# new budgie- say hi!



## kodakkuki (Aug 8, 2011)

not long home with my new addition...

i'm assuming male, but just checking what you guys think?
i'm also assuming he's still pretty young- the lady only had him a few months before she got bored, so he should get on ok with my wee Winston?







am i right in thinking his colouring/marking is recessive pied?


----------



## poohdog (May 16, 2010)

Nice looking bird...


----------



## WelshYorkieLover (Oct 16, 2011)

beautiful!! I have a soft spot for budgies! I had one when I was 17. my dad is allergic to feathers and so we werent allowed to have any but he gave in and said that I had to keep him in my bedroom which I did. i came home one evening and he was sitting in the living room with my parents. my dad felt sorry for him and thought he would be lonely and got my mother to bring him down and that is where he stayed lol. after he died my parents got another budgie and she is now 10 years old


----------



## Guest (Dec 4, 2013)

I love budgies very easy to keep ^^
Yours is lovely very interesting patterns!
Only thing I would add is maybe consider getting him
a bigger cage? From the photos the cage looks quite tiney. 


Could be wrong though :>


----------



## kodakkuki (Aug 8, 2011)

thanks! 
he's a lovely boy, but very scared of being handled 



Prowl said:


> I love budgies very easy to keep ^^
> Yours is lovely very interesting patterns!
> *Only thing I would add is maybe consider getting him
> a bigger cage? From the photos the cage looks quite tiney. *
> ...


well, i think so to- Winstons cage is about 3ft wide by 1 1/2, so i think it should be big enough for the two of them?

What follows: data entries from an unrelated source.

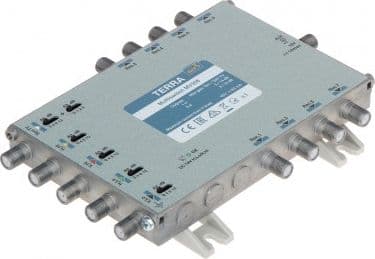 Terra MULTISWITCH MV-508 5 INPUT/8 OUTPUT TERRA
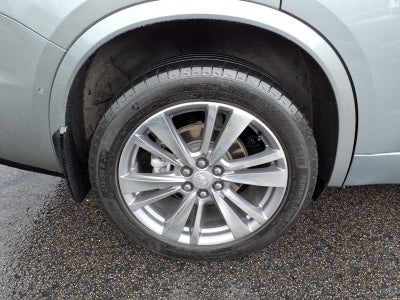 2023 Cadillac XT6 AWD Premium Luxury
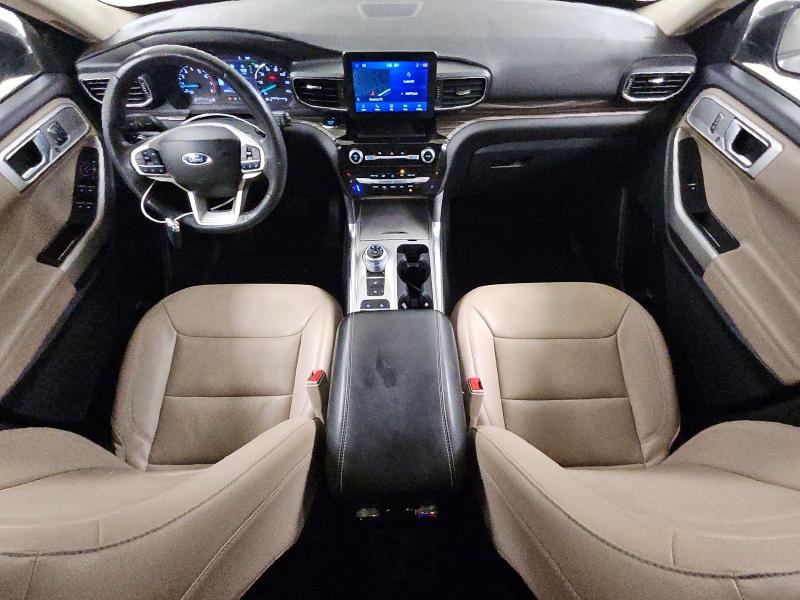 Aukcja sprzedaży 2022 Ford Explorer, vin: 1FMSK7FH7NGA62479, numer aukcji: 60656586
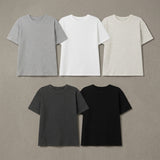 Waffle Texture Tee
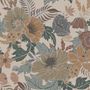 Papier peint Bouquet floral d'anémones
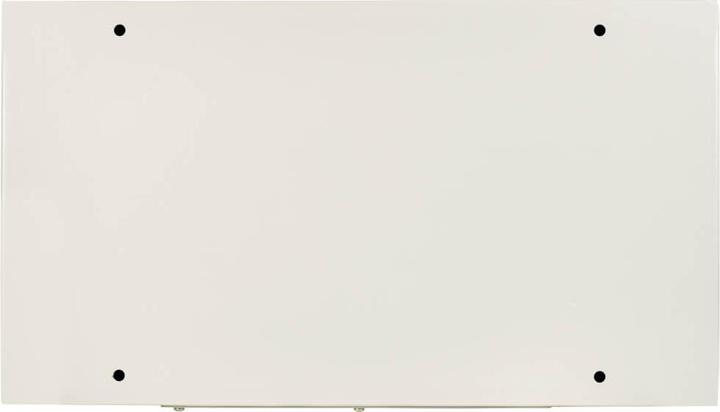 Eaton TRIPPLITE SmartRack Industrial Enclosure with Lock - NEMA 4 41,91cm 16,5Zoll Depth 6U Gray (6 RU, 19 inch rack)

i've actually taken advise and put them together already , and they are sitting chatting away beside one another! it's lovely to see them so happy and relaxed.


----------



## Guest (Dec 5, 2013)

3ft sounds plenty big enough ^^


----------



## kodakkuki (Aug 8, 2011)

Prowl said:


> 3ft sounds plenty big enough ^^


awesome! i hate the idea of birds in wee cages, and tbh, i was worrying that wasn't gonna be big enough!


----------



## kodakkuki (Aug 8, 2011)

getting to know each other!!







i love these guys! even though they aren't fans of being handled 
hopefully i'll one day be able to get them a wee brother who has been hand-tamed by their breeder from an early age! :001_wub:

aren't they prweety!


----------



## Guest (Dec 6, 2013)

No harm in making it bigger in the future, bigger is usually better for birds ^^

I adore budgies def one of my faourites so many different colours and you can even buy crested ones now.

I bet some dried meal worms would help tame them


----------



## Mybudgie (Dec 6, 2013)

I love the patterns on him! I have a few budgies myself and I havent seen one with a pattern quite like that, very nice


----------



## moggiemum (Mar 28, 2013)

very beautiful my first pet was a budgie, called...............joey


----------



## ButterflyLordette (Nov 3, 2013)

Absaloutely GORGEOUS!


----------